In the late 1990s and early 2000s, there was an initial wave of companies and clinics offering stem cell therapy, while not substantiating health claims or having regulatory approval.[100] By 2012, a second wave of companies and clinics had emerged, usually located in developing countries where medicine is less regulated and offering stem cell therapies on a medical tourism model.[101][102] Like the first wave companies and clinics, they made similar strong, but unsubstantiated, claims, mainly by clinics in the United States, Mexico, Thailand, India, and South Africa.[101][102] By 2016, research indicated that there were more than 550 stem cell clinics in the US alone selling generally unproven therapies for a wide array of medical conditions in almost every state in the country,[103] altering the dynamic of stem cell tourism. In 2018, the FDA sent a warning letter to StemGenex Biologic Laboratories in San Diego, which marketed a service in which it took body fat from people, processed it into mixtures it said contained various forms of stem cells, and administered it back to the person by inhalation, intravenously, or infusion into their spinal cords; the company said the treatment was useful for many chronic and life-threatening conditions.[104]
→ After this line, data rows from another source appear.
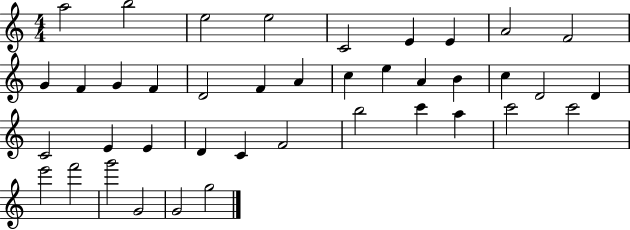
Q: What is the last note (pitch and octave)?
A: G5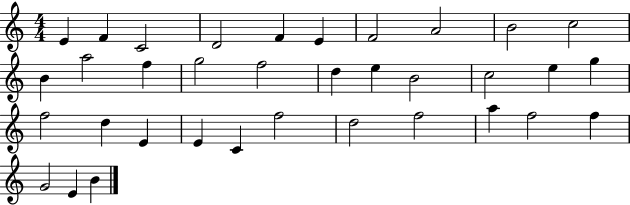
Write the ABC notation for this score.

X:1
T:Untitled
M:4/4
L:1/4
K:C
E F C2 D2 F E F2 A2 B2 c2 B a2 f g2 f2 d e B2 c2 e g f2 d E E C f2 d2 f2 a f2 f G2 E B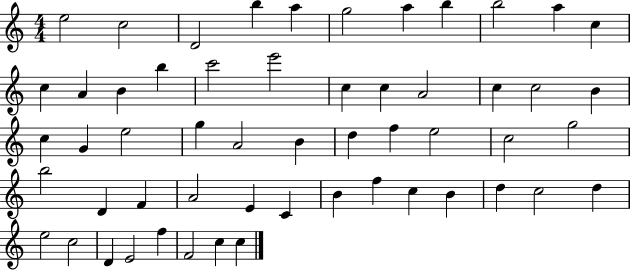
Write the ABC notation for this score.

X:1
T:Untitled
M:4/4
L:1/4
K:C
e2 c2 D2 b a g2 a b b2 a c c A B b c'2 e'2 c c A2 c c2 B c G e2 g A2 B d f e2 c2 g2 b2 D F A2 E C B f c B d c2 d e2 c2 D E2 f F2 c c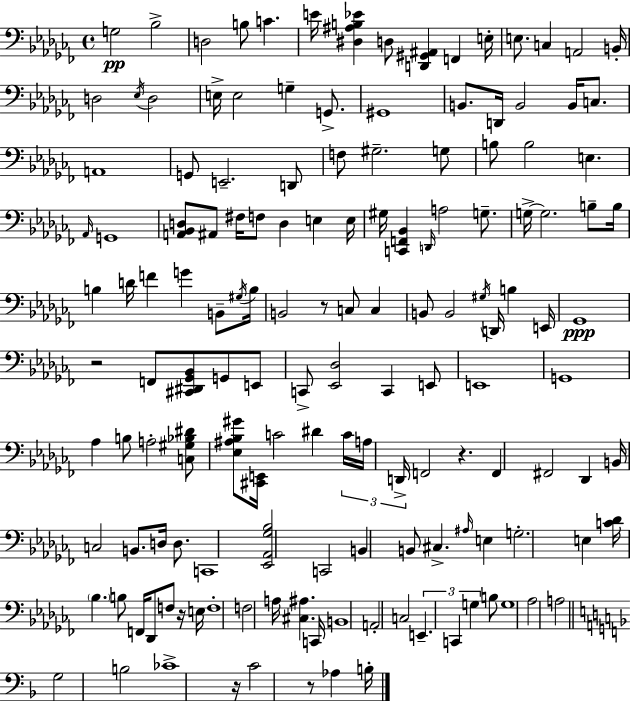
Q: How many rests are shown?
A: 6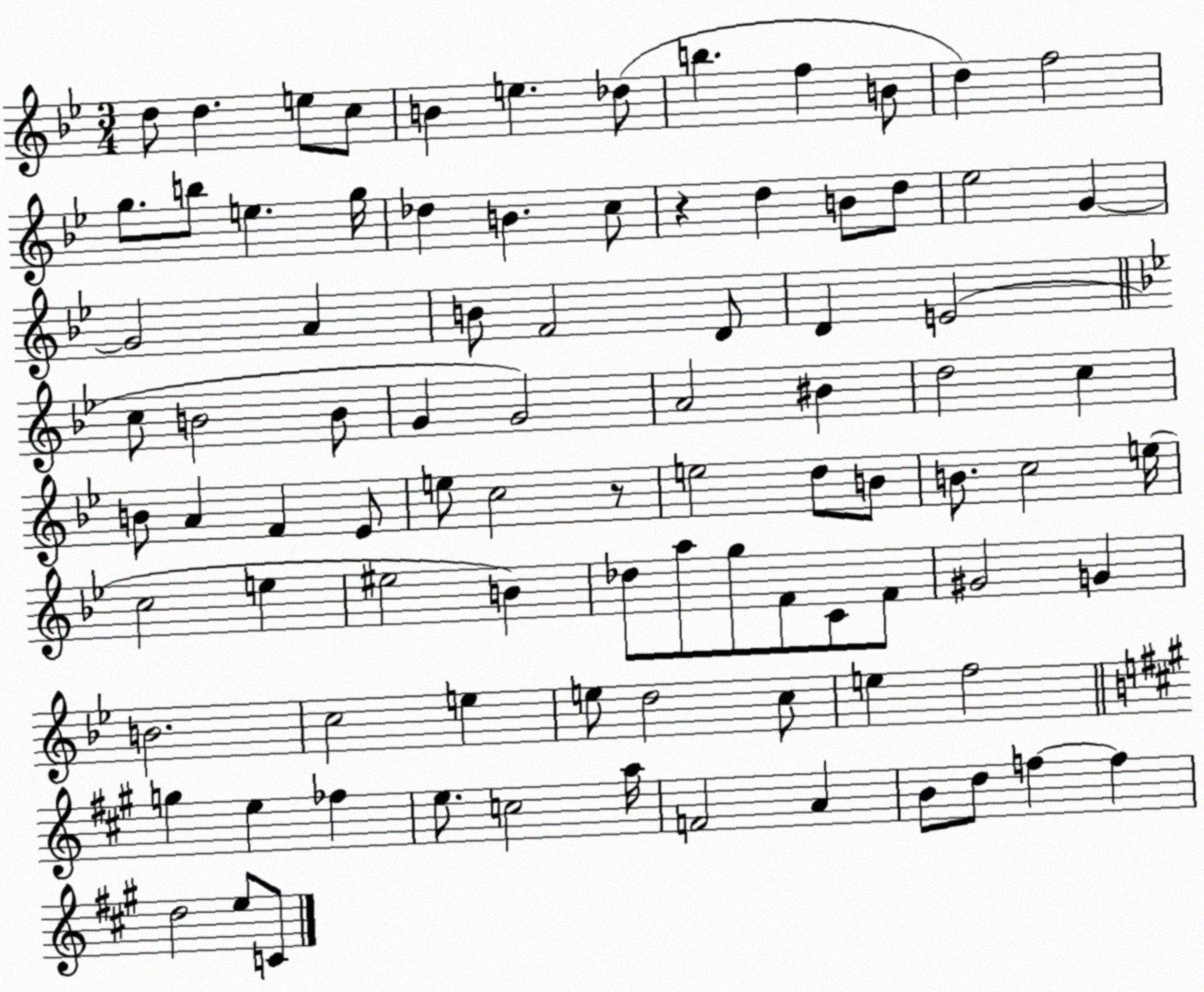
X:1
T:Untitled
M:3/4
L:1/4
K:Bb
d/2 d e/2 c/2 B e _d/2 b f B/2 d f2 g/2 b/2 e g/4 _d B c/2 z d B/2 d/2 _e2 G G2 A B/2 F2 D/2 D E2 c/2 B2 B/2 G G2 A2 ^B d2 c B/2 A F _E/2 e/2 c2 z/2 e2 d/2 B/2 B/2 c2 e/4 c2 e ^e2 B _d/2 a/2 g/2 F/2 C/2 F/2 ^G2 G B2 c2 e e/2 d2 c/2 e f2 g e _f e/2 c2 a/4 F2 A B/2 d/2 f f d2 e/2 C/2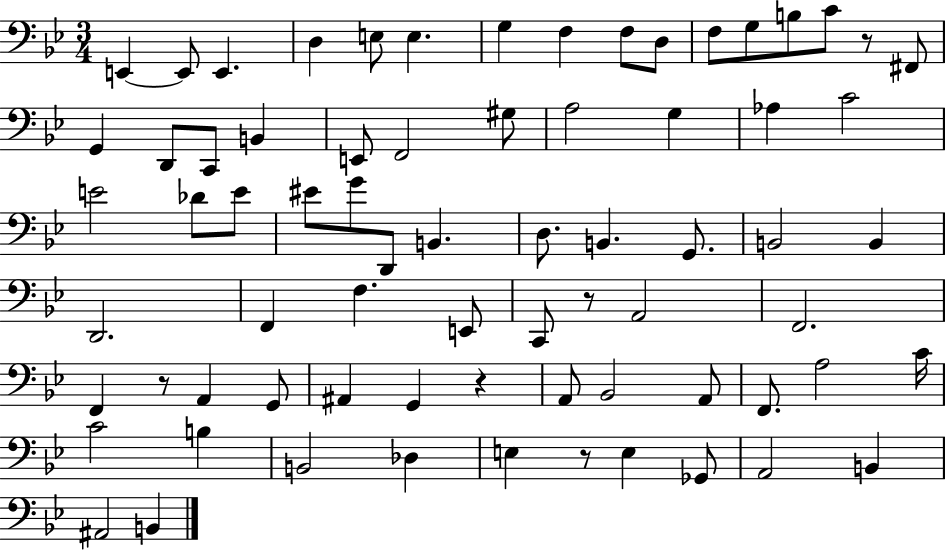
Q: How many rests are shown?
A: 5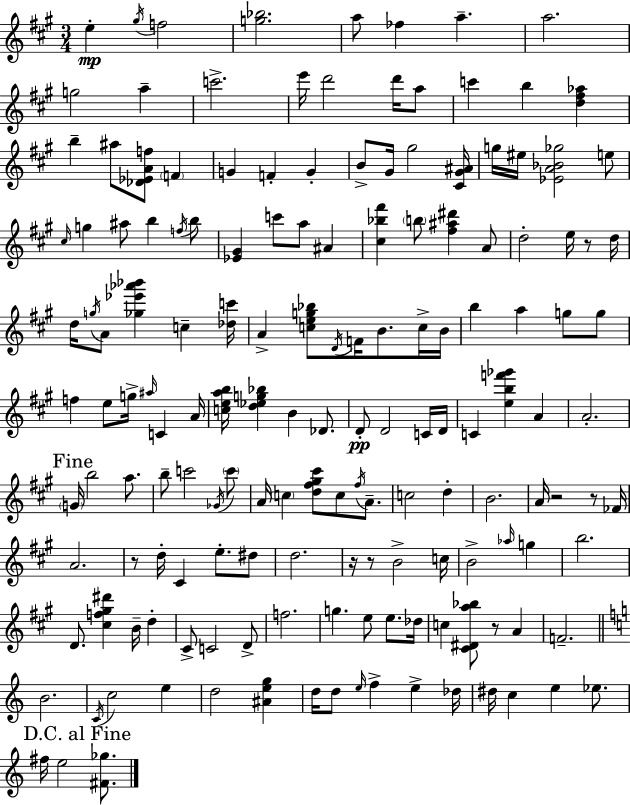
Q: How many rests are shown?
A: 7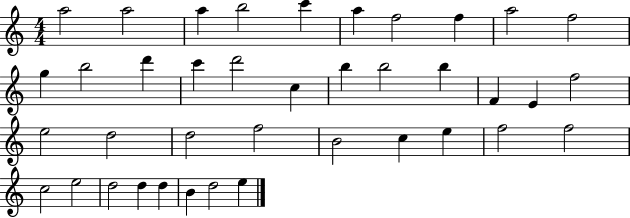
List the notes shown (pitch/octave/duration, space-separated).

A5/h A5/h A5/q B5/h C6/q A5/q F5/h F5/q A5/h F5/h G5/q B5/h D6/q C6/q D6/h C5/q B5/q B5/h B5/q F4/q E4/q F5/h E5/h D5/h D5/h F5/h B4/h C5/q E5/q F5/h F5/h C5/h E5/h D5/h D5/q D5/q B4/q D5/h E5/q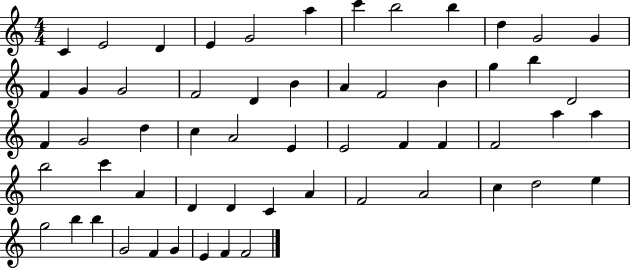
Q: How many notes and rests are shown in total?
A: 57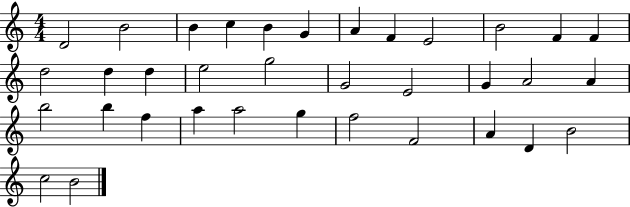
D4/h B4/h B4/q C5/q B4/q G4/q A4/q F4/q E4/h B4/h F4/q F4/q D5/h D5/q D5/q E5/h G5/h G4/h E4/h G4/q A4/h A4/q B5/h B5/q F5/q A5/q A5/h G5/q F5/h F4/h A4/q D4/q B4/h C5/h B4/h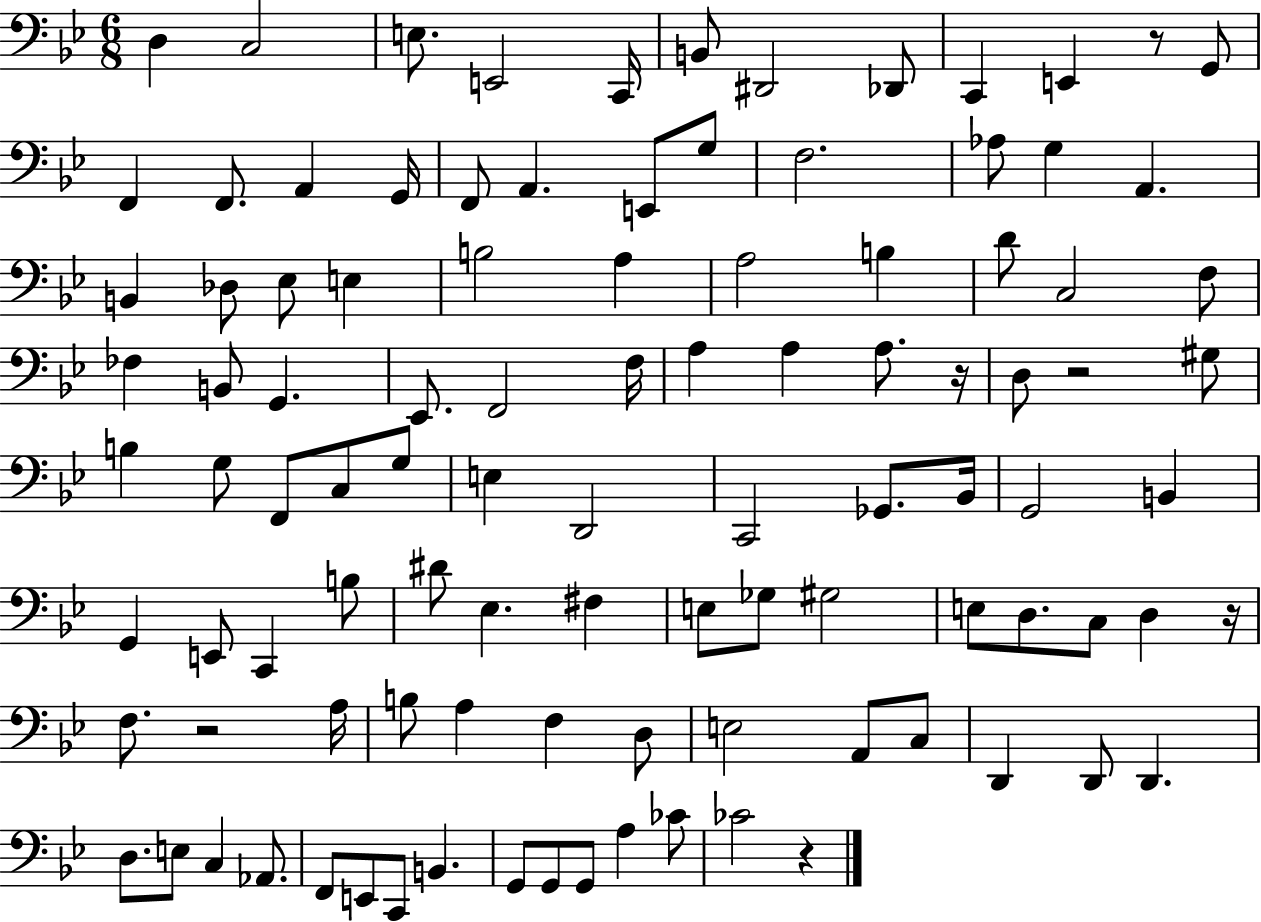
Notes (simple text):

D3/q C3/h E3/e. E2/h C2/s B2/e D#2/h Db2/e C2/q E2/q R/e G2/e F2/q F2/e. A2/q G2/s F2/e A2/q. E2/e G3/e F3/h. Ab3/e G3/q A2/q. B2/q Db3/e Eb3/e E3/q B3/h A3/q A3/h B3/q D4/e C3/h F3/e FES3/q B2/e G2/q. Eb2/e. F2/h F3/s A3/q A3/q A3/e. R/s D3/e R/h G#3/e B3/q G3/e F2/e C3/e G3/e E3/q D2/h C2/h Gb2/e. Bb2/s G2/h B2/q G2/q E2/e C2/q B3/e D#4/e Eb3/q. F#3/q E3/e Gb3/e G#3/h E3/e D3/e. C3/e D3/q R/s F3/e. R/h A3/s B3/e A3/q F3/q D3/e E3/h A2/e C3/e D2/q D2/e D2/q. D3/e. E3/e C3/q Ab2/e. F2/e E2/e C2/e B2/q. G2/e G2/e G2/e A3/q CES4/e CES4/h R/q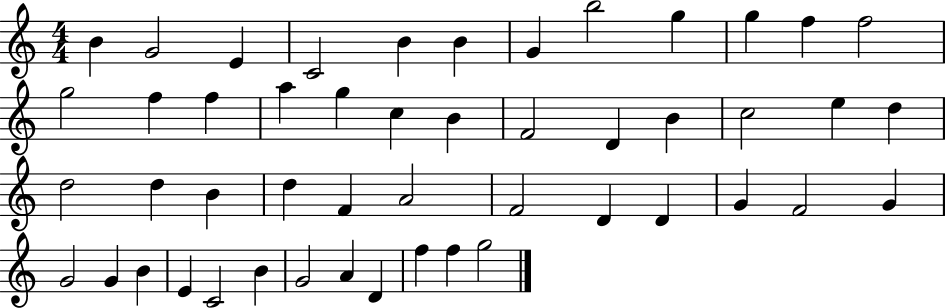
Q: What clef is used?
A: treble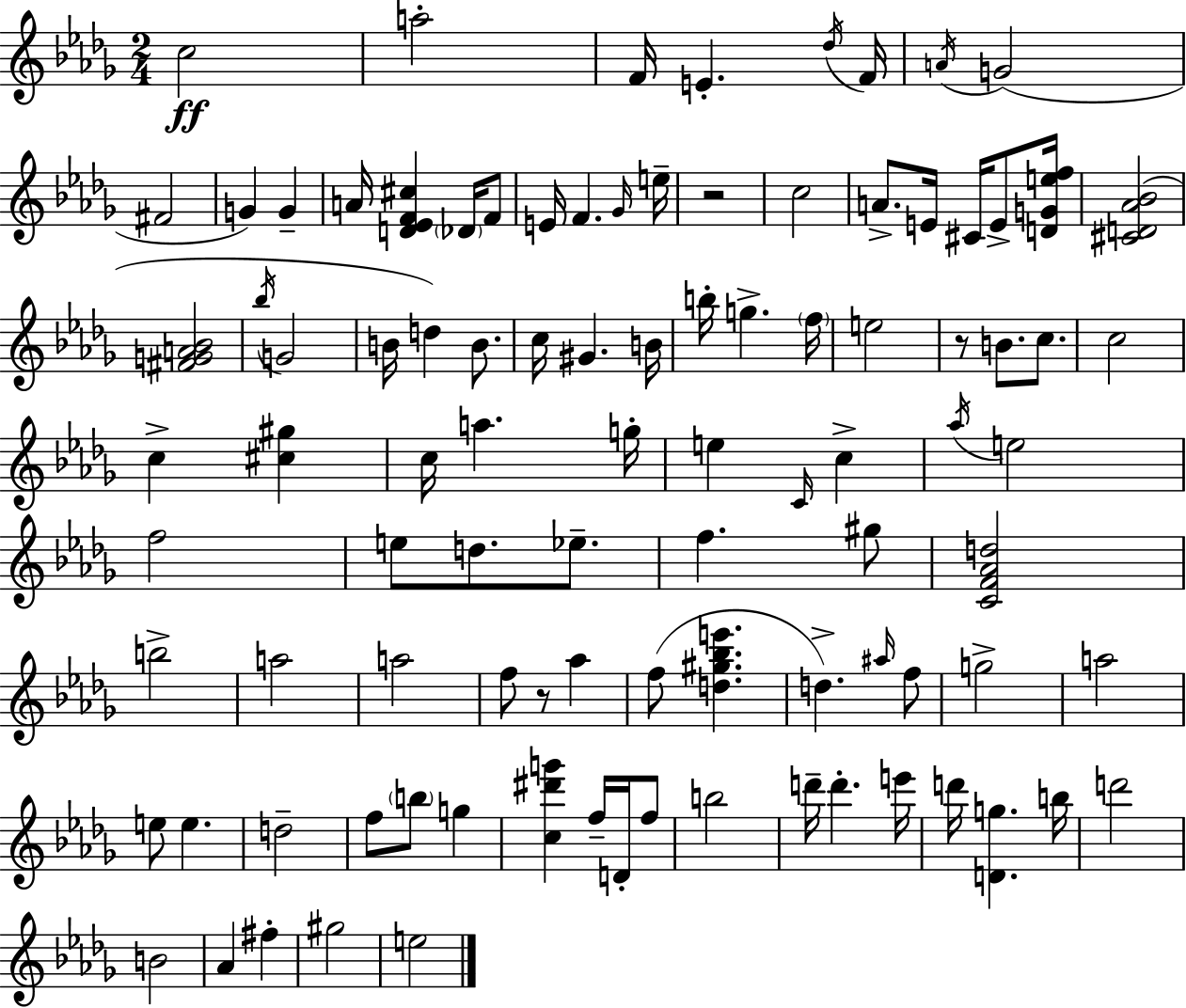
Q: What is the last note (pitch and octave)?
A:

Costs of stem cell therapies range widely by clinic, condition, and cell type, but most commonly range between $10,000-$20,000.[105] Insurance does not cover stem cell injections at clinics so patients often use on-line fundraising.[106] In 2018, the US Federal Trade Commission found health centers and an individual physician making unsubstantiated claims for stem cell therapies, and forced refunds of some $500,000.[107] The FDA filed suit against two stem cell clinic firms around the same time, seeking permanent injunctions against their marketing and use of unapproved adipose stem cell products.[108]
Although according to the NIH no stem cell treatments have been approved for COVID-19 and the agency recommends against the use of MSCs for the disease,[109] some stem cell clinics began marketing both unproven and non-FDA-approved stem cells and exosomes for COVID-19 in 2020.[110] The FDA took prompt action by sending letters to the firms in question.[111][112] The FTC also warned a stem cell firm for COVID-19-related marketing.[113][114]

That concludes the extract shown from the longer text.